L’officier français se trouve confronté à l’ennui de l’exil. Non seulement il ne parle pas la langue des villageois, mais il n’a avec eux aucune affinité. Pas davantage, du reste, avec ses propres troupes. On songe au Silence de la Mer. Plus encore au Désert des Tartares. À cette différence près que la jeune fille n’est pas indifférente au charme du sous-lieutenant qu’elle observe à la dérobée lorsqu’il prend son bain dans les conditions rustiques que l’on devine. À moins qu’il n’imagine lui-même être ainsi observé. Peut-être même le souhaite-t-il, consciemment ou non. Quoi qu’il en soit d’une réalité que l’auteur se garde bien de dévoiler, une idylle s’ébauche, au grand dam du fermier. Lequel se révèle virtuose de la hache – celle qui donne son titre au roman.

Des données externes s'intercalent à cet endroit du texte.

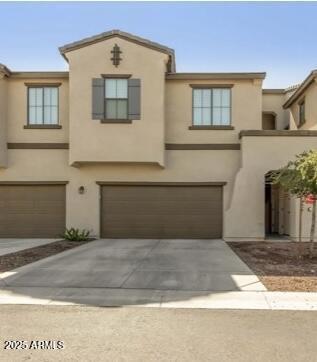 Photo - 3900 E Baseline Rd Townhome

Quand on apprend qu’un crime de guerre a été commis dans la région, que les coupables n’ont pas été identifiés, on pense tout de suite aux prémisses  d’une intrigue policière. D’autant que d’autres découvertes viennent corroborer cette hypothèse…

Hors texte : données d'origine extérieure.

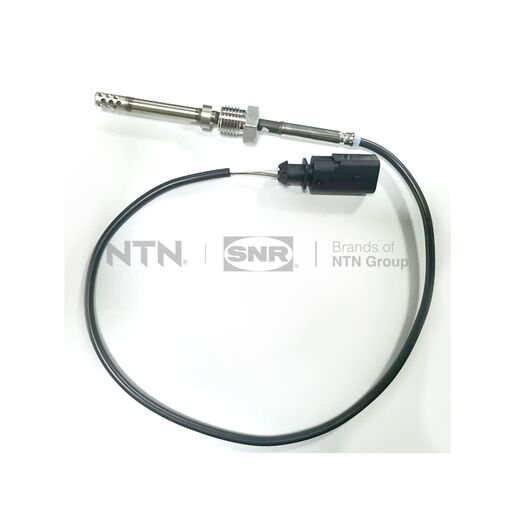 Altri prodotti EGT157.21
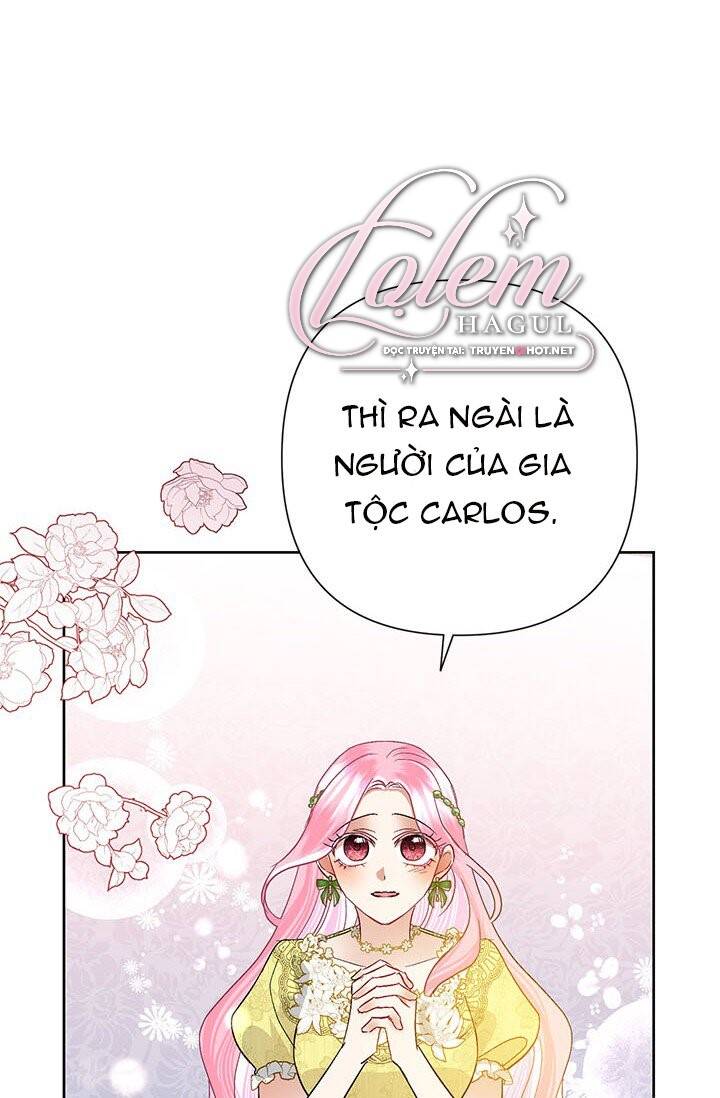 Cuộc Sống Vui Vẻ Của Ác Nữ - Chapter 37.2 - Page 7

Quelle erreur ! Alain Gerber mué en auteur de polar ? Ce serait passer à côté de ce qui fait la saveur de son ouvrage. Foin d’énigmes dont il se soucie, à l’évidence, comme d’une guigne. Au point d’ouvrir des pistes sans toujours préciser leur destination. C’est, je crois, André Gide qui assignait au lecteur la tâche de faire la moitié du chemin. Gerber est encore plus exigeant. Il suggère, esquisse, sous-entend. Ce qui l’intéresse, c’est la psychologie des personnages – comme en témoigne, du reste, toute son œuvre. Non qu’il procède à la manière des romanciers « psychologiques » à la Dostoïevski ou à la Knut Hamsun. Nous sommes loin de La Princesse de Clèves. Ici, pas d’exploration de la psychè. Pas d’analyse. Foin des causes et des conséquences. Les faits, seulement les faits, mais exposés avec un constant souci de précision. Quasiment disséqués. Ils parlent d’eux-mêmes – et les situations, les atmosphères propres à chacune des scènes dont la succession dessine la trame du roman. 

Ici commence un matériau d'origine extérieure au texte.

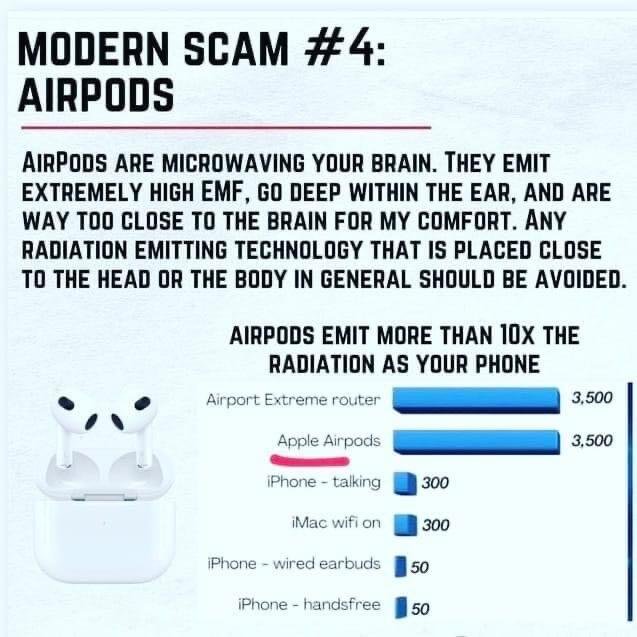 les-airpods-emettent-10-fois-plus-de-radiation-que-le-telephone-cellulaire.jpg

Ainsi procédait un Balzac, qui croyait aux vertus de l’observation et sacrifiait même à la vogue de la physiognomonie. Proches de ce réalisme et plus radicales encore, les théories du behaviorisme, telles que les ont mises en œuvre les grands romanciers américains adeptes de ce que l’on a nommé le « courant de conscience », se trouvent ici illustrées. L’observation minutieuse du comportement observable suffit à déterminer les motivations, conscientes ou inconscientes, du personnage décrit. Foin des spéculations  tarabiscotées. « Ce qu’il faut, disait Hemingwayc’est écrire une seule phrase vraie. » Sans doute Alain Gerber ne renierait-il pas cette profession de foi. 

En somme, pour rester dans le cadre de la littérature française, LaHachese situe dans le droit fil du « miroir que l’on promène le long d’un chemin ». Si l’on remplace « miroir » par « caméra » ou « smartphone », ces merveilles que Stendhal ignorait, nous tenons la clé de la technique gerbérienne – si j’ose risquer ce néologisme. Son roman est bâti comme un film. C’est une succession d’images. D’où la subtile utilisation du champ et du contre-champ, du zoom, du gros plan, du travelling, de la plongée et de la contre-plongée.  Un seul pas de côté, et voilà le paysage métamorphosé. Et l’atmosphère de la scène. Au lecteur de décrypter le tout. D’entrer littéralement dans la peau de personnages dont toute la complexité se dévoile au fil du texte. De plonger, récompense suprême dans les délices d’une prose somptueuse. Elle est la marque de fabrique de l’auteur – mais cela, on le savait déjà. 

Jacques Aboucaya

Alain Gerber, La Hache, Ramsay, avril 2019, 288 p., 19 €.